Exercise: Everything from the line that contains "Актуальность." to the final line of the data, both ends included, must be set down exactly, apart from the pictures.

Records to process:

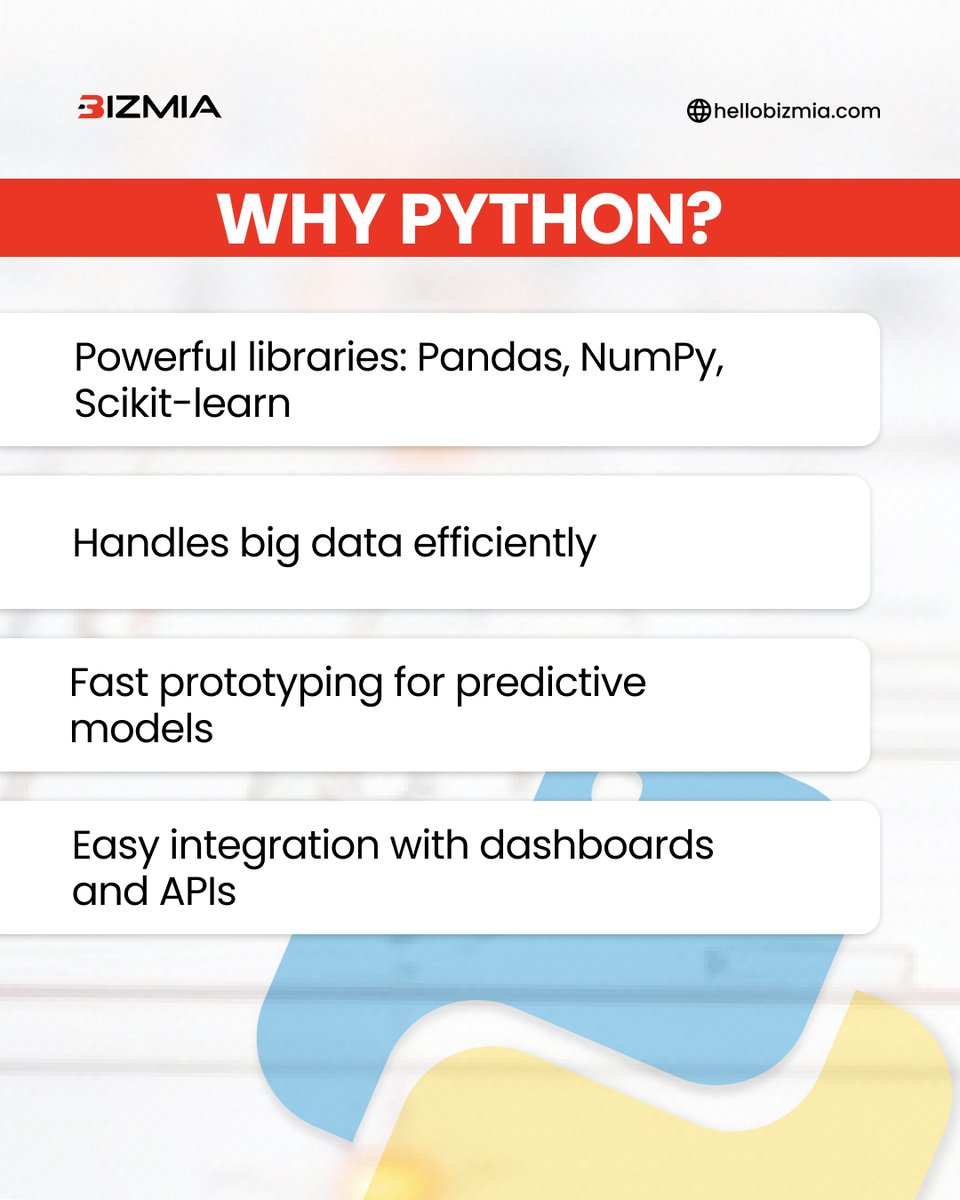 bizzmiallc's tweet image. 𝗣𝘆𝘁𝗵𝗼𝗻 + 𝗣𝗿𝗲𝗱𝗶𝗰𝘁𝗶𝘃𝗲 𝗜𝗻𝘁𝗲𝗹𝗹𝗶𝗴𝗲𝗻𝗰𝗲 = 𝗥𝗲𝘁𝗮𝗶𝗹 𝗧𝗵𝗮𝘁 𝗧𝗵𝗶𝗻𝗸𝘀 𝗔𝗵𝗲𝗮𝗱.
#RetailAnalytics #PythonForRetail #PredictiveAnalytics #Bizmia #DataDrivenRetail #RetailTech #MLInRetail #EcommerceGrowth #RetailInnovation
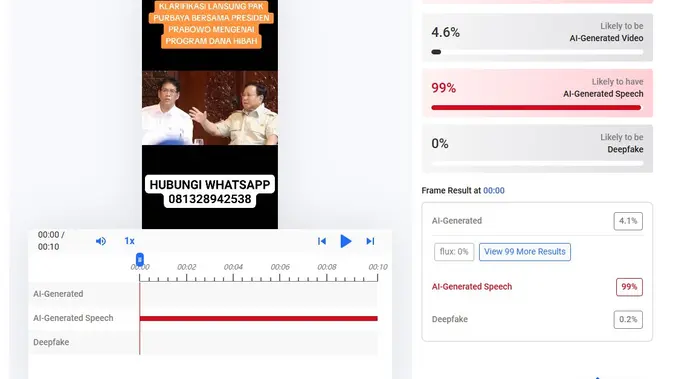 Video dan audio klaim Presiden Prabowo dan Menkeu Purbaya mengumumkan bantuan dana hibah menunjukkan hasil AI. (Foto: tangkapan layar Hive Moderation)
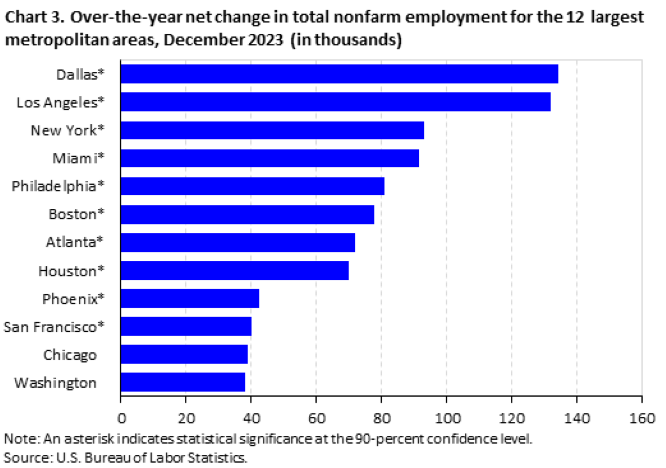 Chart 3. Over-the-year net change in total nonfarm employment for the 12 largest metropolitan areas, December 2023 (in thousands) Chart 3. Over-the-year net change in total nonfarm employment for the 12 largest metropolitan areas, December 2023 (in thousands)
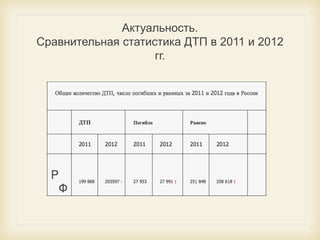 Актуальность.
Сравнительная статистика ДТП в 2011 и 2012
гг.

 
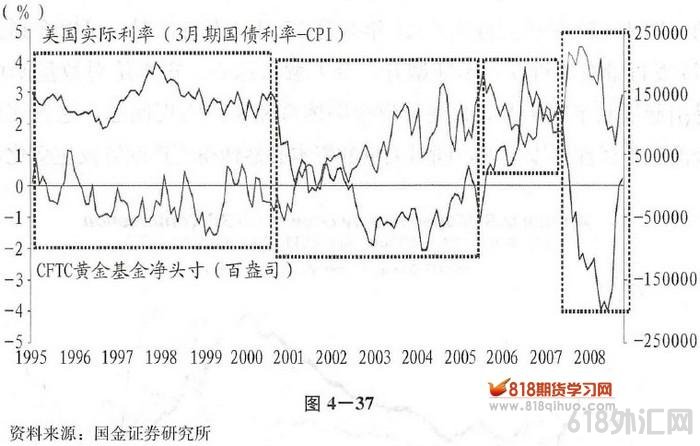 �塢Ͷ������--�ʱ�����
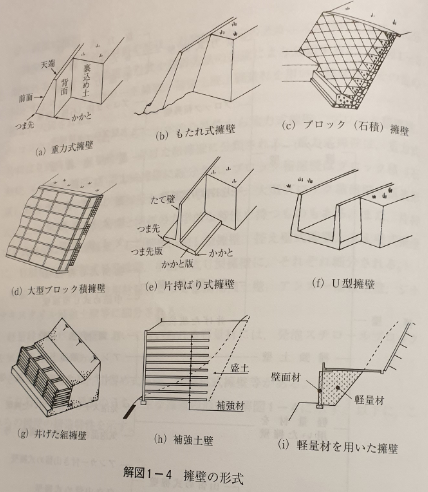擁壁工の種類 ガチ土木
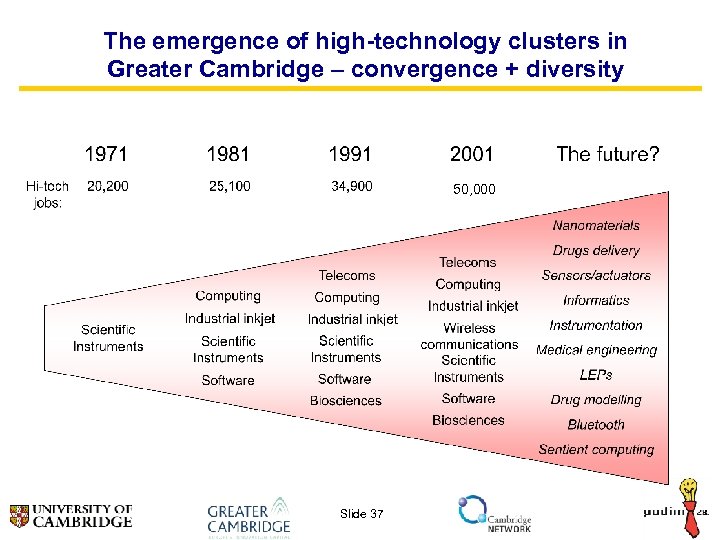 The emergence of high-technology clusters in Greater Cambridge – convergence + diversity 50, 000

Exercise response:
 Актуальность.
Сравнительная статистика ДТП в 2011 и 2012
гг.

 
 �塢Ͷ������--�ʱ�����
擁壁工の種類 ガチ土木
 The emergence of high-technology clusters in Greater Cambridge – convergence + diversity 50, 000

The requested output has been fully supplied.